Cobbe studied medicine at Corpus Christi College, Oxford, and underwent his clinical training at the London Hospital. Cobbe gave up his study of medicine to become a painter and trained as an art conservator at the Tate. From the early 1980s Cobbe advised on the redecoration of historic British country houses. Solo exhibitions of his paintings have been held in Paris at the Galerie de Staël, and in London at the Maclean Gallery, the Bury Street Gallery, and the Royal Danish Embassy.

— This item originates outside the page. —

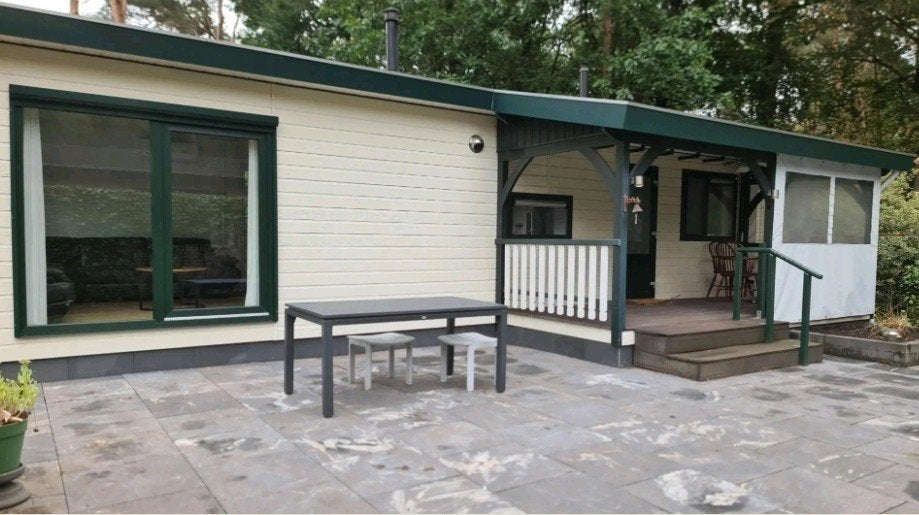 Luxe volledig gerenoveerd chalet op toplocatie Voorthuizen, Caravans en Kamperen, Stacaravans, Tot en met 5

He donated his design archive to the Victoria and Albert Museum (V&A) and an exhibition was held at the V&A of his work in 2013.

The Cobbe Collection, Cobbe's collection of historic musical instruments is kept at Hatchlands Park, a National Trust property that Cobbe leased from 1984.

On 25 July 1970 he married the Honourable Isabel Anne Marie Henrietta Dillon, daughter of the 20th Viscount Dillon. He was uncle to the Olympic gold medal winning rower Constantine Louloudis.

On 13 February 2026 Cobbe was appointed a Commander of the Royal Victorian Order (CVO).. He died at home on 31 March 2026, at the age of 81.

==Sources==
- Bryant, Julius (2013). "Alec Cobbe: Designs for Historic Interiors"
- John, Richard (1996). "Creations and Recreations Alec Cobbe: Thirty Years of Design and Painting"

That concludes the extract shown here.